La pétulante Frigide Barjot n’est pas de cet avis. Pour notre catho branchée, le mariage pour tous est l’application pure et simple de la théorie du genre au mariage, qui prive les enfants de père et de mère. Et Barjot de se défendre d’incarner l’aile catho de la droite ; elle en veut pour preuves les renforts inattendus du couple Jospin, d’un député marxiste antillais et compte bien gagner les classes populaires à sa cause.
Ni pro ni anti mariage gay, la France populaire s’en contrefiche, nous indique cependant le géographe social Christophe Guilluy. Quoi qu’en disent les ténors du PS, l’électorat de Hollande n’a pas « voté pour ça », comme dirait Audrey Pulvar. Surtout pas la frange antillaise et musulmane qui vota à gauche contre le « raciste » Sarkozy au printemps sans partager l’imaginaire sociétal de l’actuel gouvernement. Si fracture il y a, Guilluy la trace entre les gagnants de la mondialisation et les petites gens demandeurs de frontières économiques, culturelles et identitaires.

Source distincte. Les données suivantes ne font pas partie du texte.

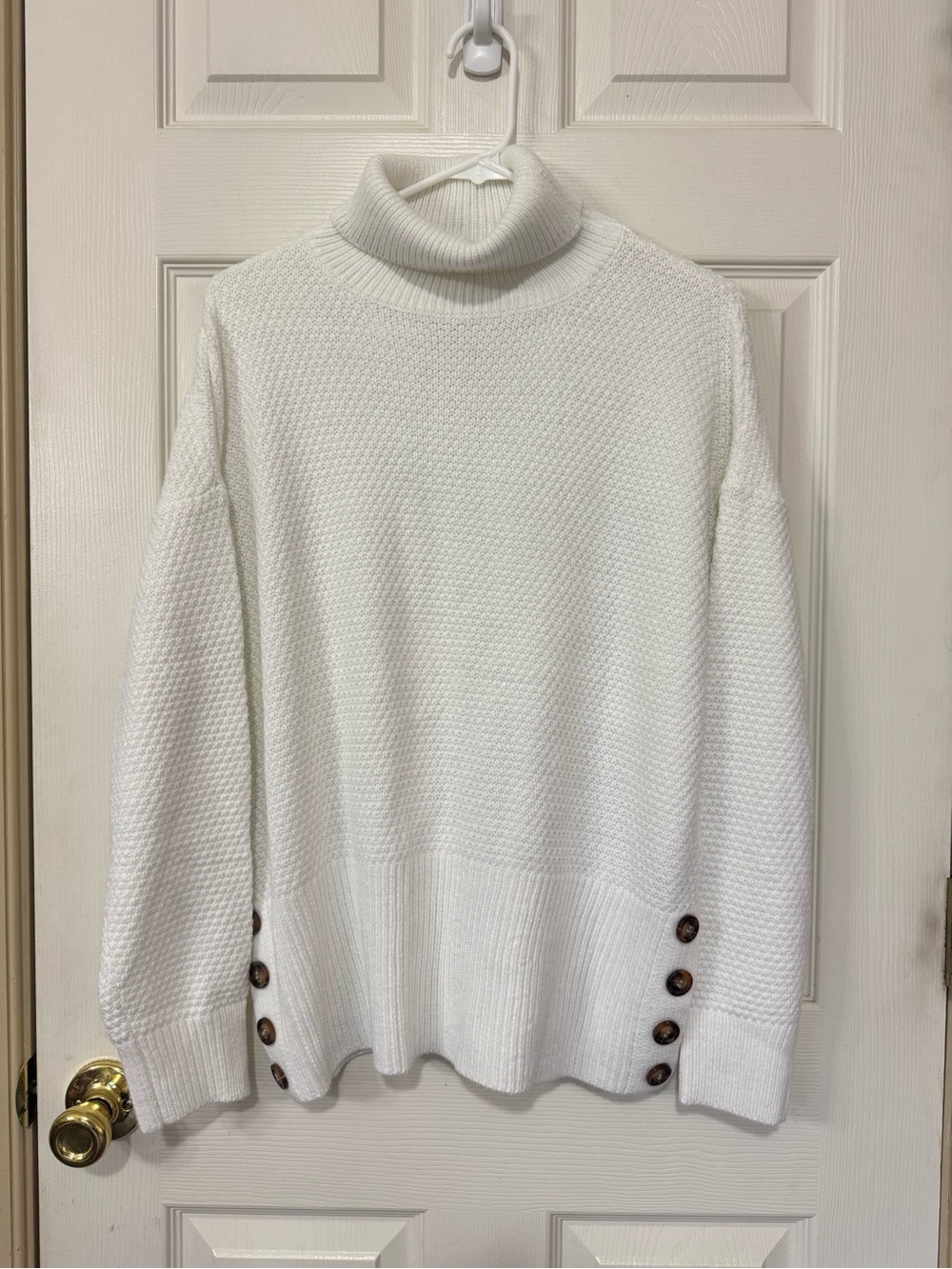 Women’s White Knit Turtleneck Pullover Sweater Long Sleeve Button Side Slits M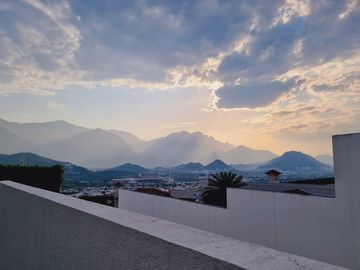 Casa en  venta Portal del Huajuco carretera Nacional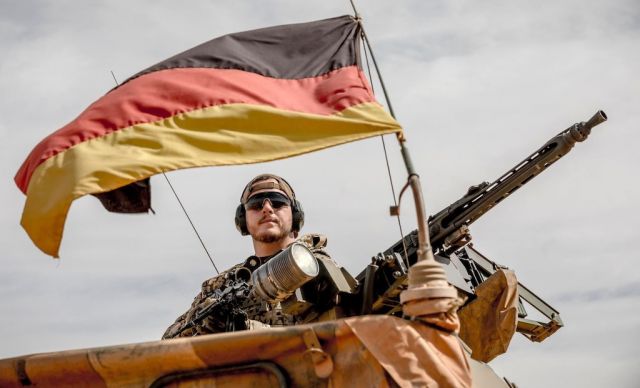 Jetzt soll sogar die Polizei an den Beckenrand: Geschlossen! Freibäder kapitulieren vor der Gewalt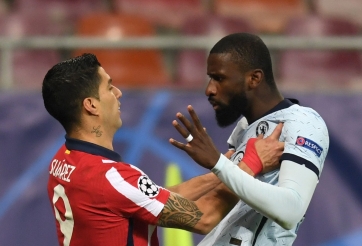 Suarez thi triển 'tuyệt kỹ đường phố' với hậu vệ Chelsea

C’est que le sociétalisme est la chose actuellement la mieux partagée, droite et gauche confondues, pain au chocolat contre vote et mariage à tous les étages, ainsi que je le démontre aux côtés de Jérôme Leroy. Chacun dans leur veine, Jacques de Guillebon et Romaric Sangars s’affligent de la propension contemporaine à l’ubris démocratique, où l’égalité confine à l’indifférenciation, la technique s’allie à la marchandise pour accoucher d’une morale qui « repose uniquement sur une préoccupation de décuplement de la jouissance dont elle fait croire qu’elle n’a pas de négatif » dixit JG. Même les abstinents revendiqués du mouvement asexuel réclament leur affiliation au courant LGBT, on croit rêver ! Notre invitée du mois Marie-Noëlle Tranchant s’insurge d’un tel confusionnisme à fondement artificiel : faut-il « inscrire dans nos lois que seuls les produits humains finis, dûment labellisés « culture et société » ont droit de cité » ? Avec sa critique du livre-pamphlet contre le droit des vote des étrangers que publie Cyril Bennasar aux éditions Mordicus, Jérôme Leroy nous prouve enfin que le sociétal n’est pas qu’une affaire de braguettes. Ouf, on respire !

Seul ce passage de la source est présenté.